ПОМОГИТЕ ПОЖАЛУЙСТА перевести: Recently, I’ve been flying quite a lot — for the usual reasons, like holidays, weddings, milestone birthdays and, sadly, the odd funeral. Since I live in Perth, Western Australia — a very isolated state capital – a flight to the east coast means at least four hours in the air for me. To put that into a European perspective, a flight to Sydney is about the same as flying from Dublin to Istanbul. Then there’s the time difference of two to three hours, so that a whole day is lost crossing the country. When I’m sky-high, I’m captive to what I call “cardboard-box cuisine”. Recent experiences with our major carriers Qantas and Virgin suggest that there may be more flavour in the box itself than its contents.

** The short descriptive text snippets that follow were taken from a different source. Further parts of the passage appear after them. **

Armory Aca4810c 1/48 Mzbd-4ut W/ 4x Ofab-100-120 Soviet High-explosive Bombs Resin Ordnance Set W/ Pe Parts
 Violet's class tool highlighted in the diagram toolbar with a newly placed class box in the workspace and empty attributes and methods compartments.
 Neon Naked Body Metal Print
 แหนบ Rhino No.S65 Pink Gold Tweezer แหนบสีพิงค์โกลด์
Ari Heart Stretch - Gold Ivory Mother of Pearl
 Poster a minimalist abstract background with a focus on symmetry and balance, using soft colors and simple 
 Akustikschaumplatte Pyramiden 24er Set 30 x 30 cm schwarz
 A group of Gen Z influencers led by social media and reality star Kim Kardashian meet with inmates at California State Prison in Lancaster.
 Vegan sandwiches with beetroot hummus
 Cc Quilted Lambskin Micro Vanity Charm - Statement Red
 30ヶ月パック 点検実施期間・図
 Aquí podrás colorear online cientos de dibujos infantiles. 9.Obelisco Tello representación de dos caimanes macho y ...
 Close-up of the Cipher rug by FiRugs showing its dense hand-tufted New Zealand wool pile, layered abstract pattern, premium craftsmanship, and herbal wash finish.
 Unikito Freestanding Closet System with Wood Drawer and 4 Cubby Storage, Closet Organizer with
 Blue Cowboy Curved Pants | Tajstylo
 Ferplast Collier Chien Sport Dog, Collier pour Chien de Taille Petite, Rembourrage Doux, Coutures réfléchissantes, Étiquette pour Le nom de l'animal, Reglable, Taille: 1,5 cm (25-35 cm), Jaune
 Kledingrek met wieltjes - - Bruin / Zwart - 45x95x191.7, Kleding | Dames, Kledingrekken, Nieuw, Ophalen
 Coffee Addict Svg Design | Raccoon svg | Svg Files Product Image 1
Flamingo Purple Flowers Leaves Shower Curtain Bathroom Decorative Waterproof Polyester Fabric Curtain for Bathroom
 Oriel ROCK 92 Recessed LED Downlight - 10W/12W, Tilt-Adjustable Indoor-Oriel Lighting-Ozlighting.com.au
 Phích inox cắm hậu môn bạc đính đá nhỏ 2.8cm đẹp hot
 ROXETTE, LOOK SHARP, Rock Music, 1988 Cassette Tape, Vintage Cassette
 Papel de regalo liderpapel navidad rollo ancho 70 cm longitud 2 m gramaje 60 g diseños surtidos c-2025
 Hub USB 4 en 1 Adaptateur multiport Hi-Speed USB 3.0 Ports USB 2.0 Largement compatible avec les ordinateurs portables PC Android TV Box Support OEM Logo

Sure, Australian airlines have a long tradition of offering free food and drinks, including beer and wine, especially on longer flights. And flying is relatively inexpensive in economy class. Even on the good airlines, I can usually get to and from Sydney for less than A$ 700. Budget carriers will cost you half of that. Back to airline food, though. On a flight to Perth some weeks ago, I was given a “Chinese chicken salad” for my evening meal. In the box, I found a mound of dry purple cabbage and a dozen small pieces of equally dry chicken. There was no dressing, so the only parts of this meal I could eat were two cracker biscuits and a piece of cheese that came on the side. I washed them down with a tiny bottle of red wine and thought, “This meal isn’t free: it’s worthless.” Some time later, I wandered down to the flight attendants’ quarters at the back of the plane to see if I could get some more cheese and crackers and another small bottle of wine. The staff were helpful, but what surprised me were the meals they were eating, including a steaming plate of grilled pork medallions in cream sauce with rice and fresh vegetables.